YOUR ASSIGNMENT:
Return exactly the span of lines in the following data that opens with the line containing "CF MOTO NK 125-image-3" and closes with the line containing "ねんどろいど シャイニングニキ(閃耀暖暖) ニキ[グッドスマイルアーツ". Include nothing else.

━━━ MATERIAL FOR THE TASK

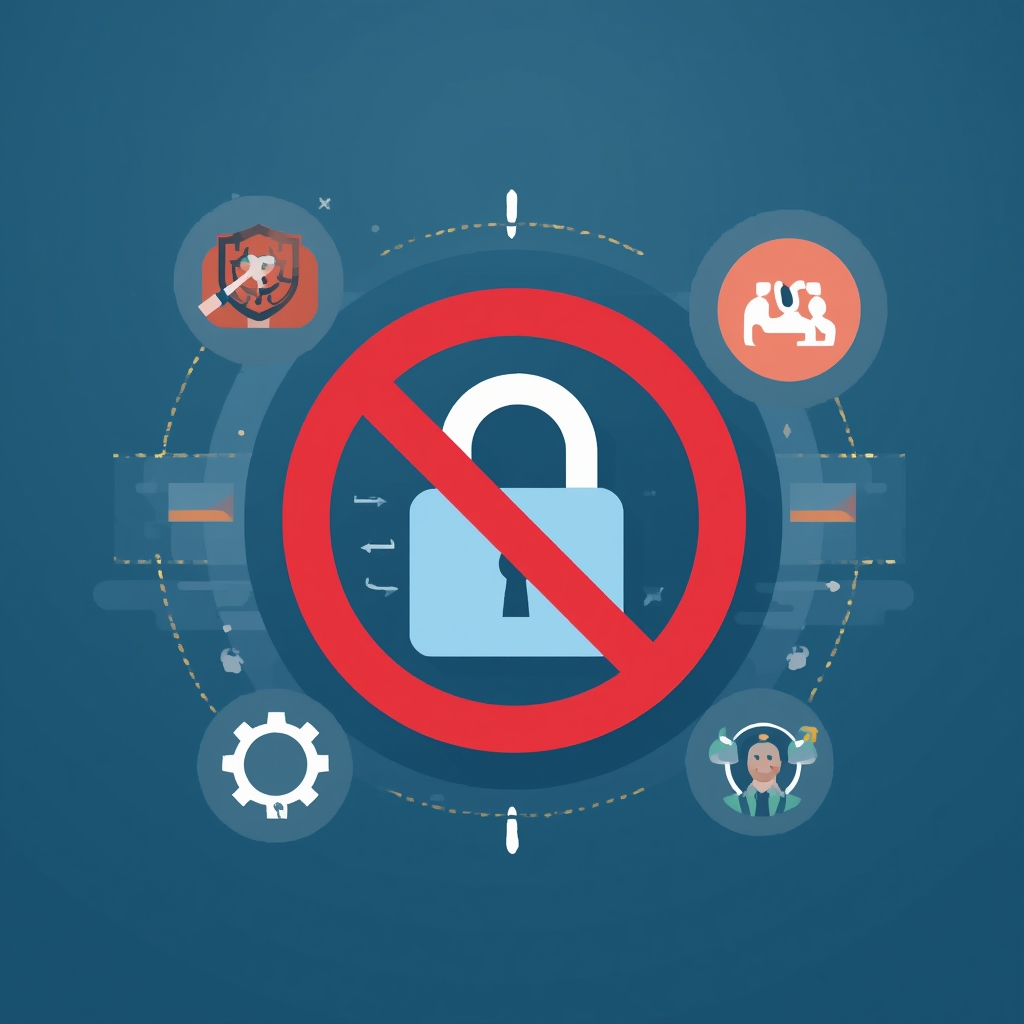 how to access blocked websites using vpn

━━━━━━
━━━ MATERIAL FOR THE TASK

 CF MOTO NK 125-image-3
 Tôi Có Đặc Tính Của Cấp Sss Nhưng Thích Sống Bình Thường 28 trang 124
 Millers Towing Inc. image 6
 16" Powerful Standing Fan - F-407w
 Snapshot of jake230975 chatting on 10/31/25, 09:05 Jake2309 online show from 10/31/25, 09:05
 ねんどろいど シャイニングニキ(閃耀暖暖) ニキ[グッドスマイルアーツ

━━━━━━
━━━ MATERIAL FOR THE TASK

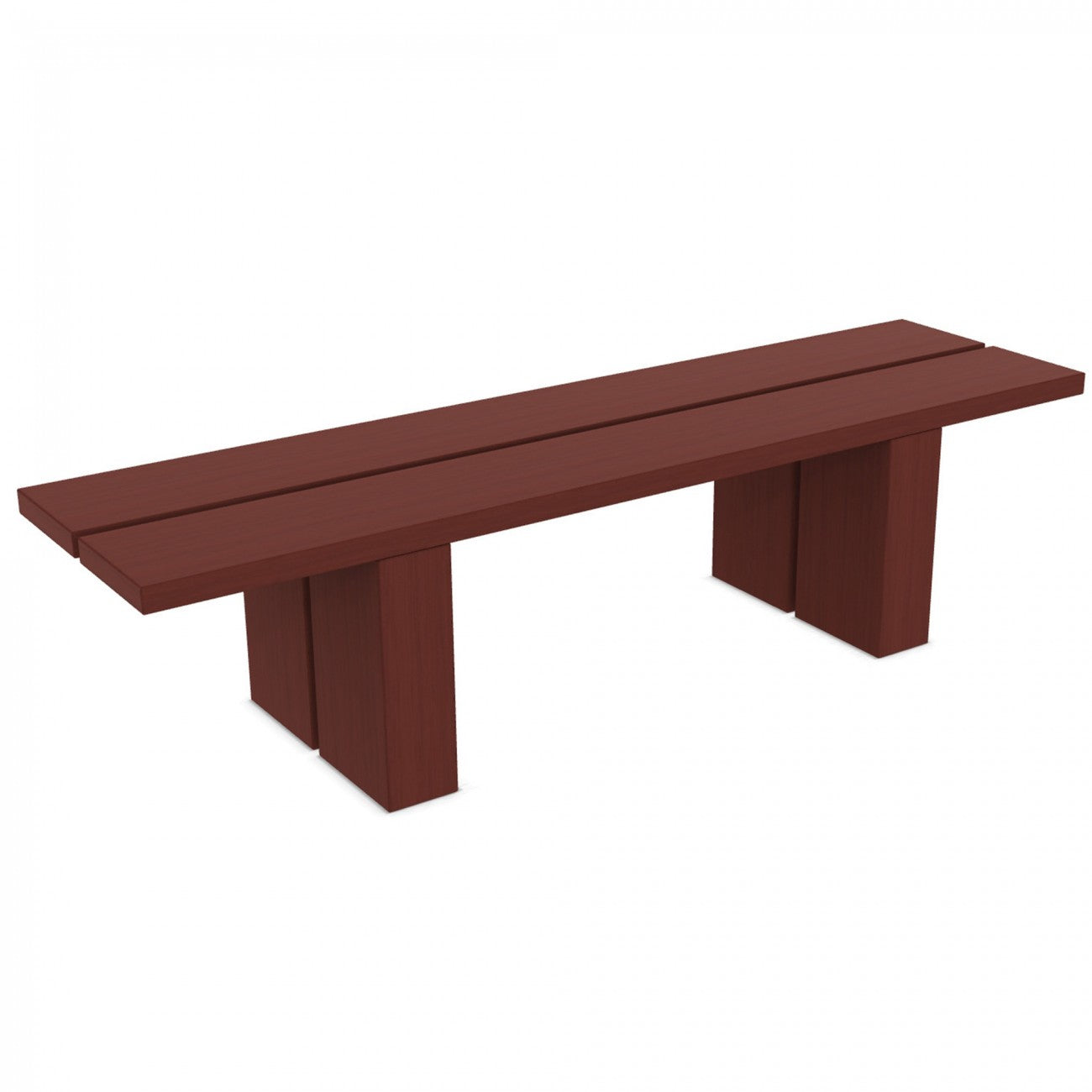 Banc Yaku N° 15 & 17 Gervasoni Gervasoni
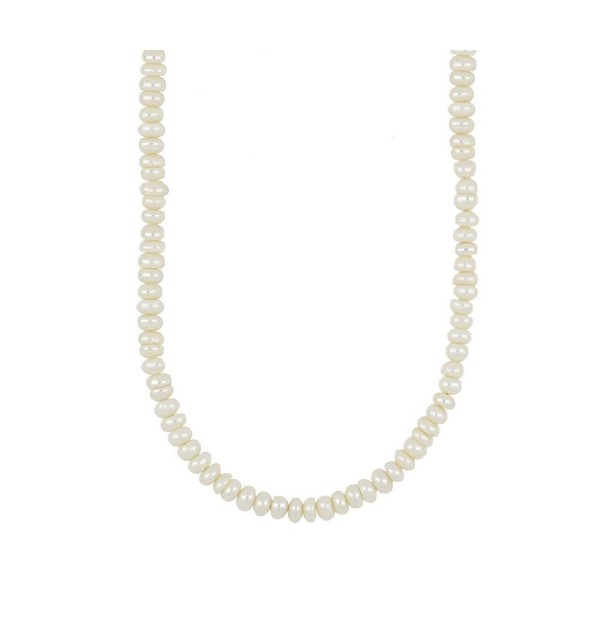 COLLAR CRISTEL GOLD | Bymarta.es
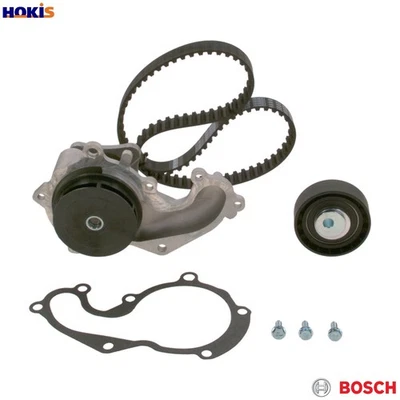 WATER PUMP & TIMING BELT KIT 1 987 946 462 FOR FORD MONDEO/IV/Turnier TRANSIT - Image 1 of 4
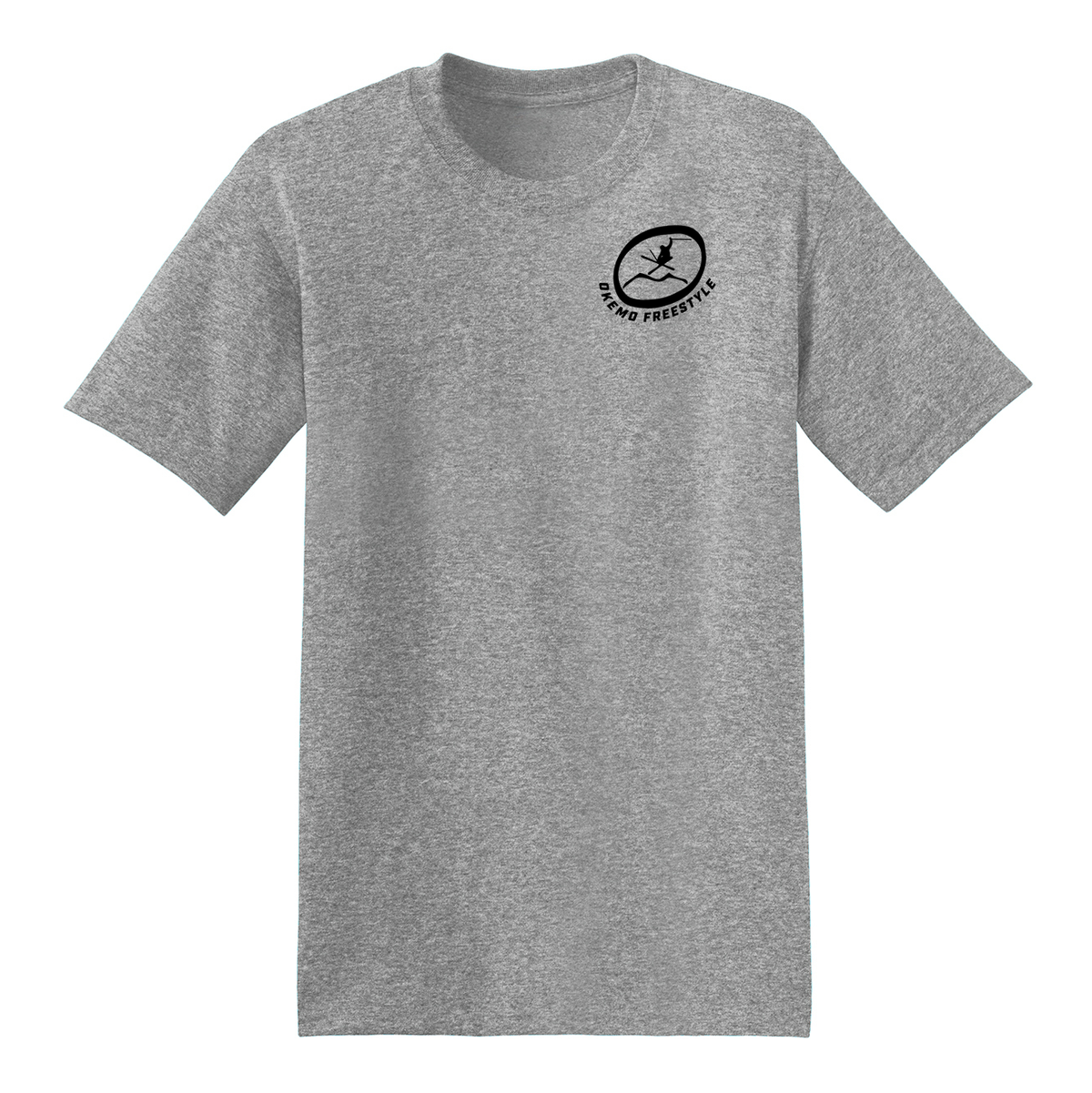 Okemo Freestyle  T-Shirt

━━━━━━

ANSWER BOX:
 CF MOTO NK 125-image-3
 Tôi Có Đặc Tính Của Cấp Sss Nhưng Thích Sống Bình Thường 28 trang 124
 Millers Towing Inc. image 6
 16" Powerful Standing Fan - F-407w
 Snapshot of jake230975 chatting on 10/31/25, 09:05 Jake2309 online show from 10/31/25, 09:05
 ねんどろいど シャイニングニキ(閃耀暖暖) ニキ[グッドスマイルアーツ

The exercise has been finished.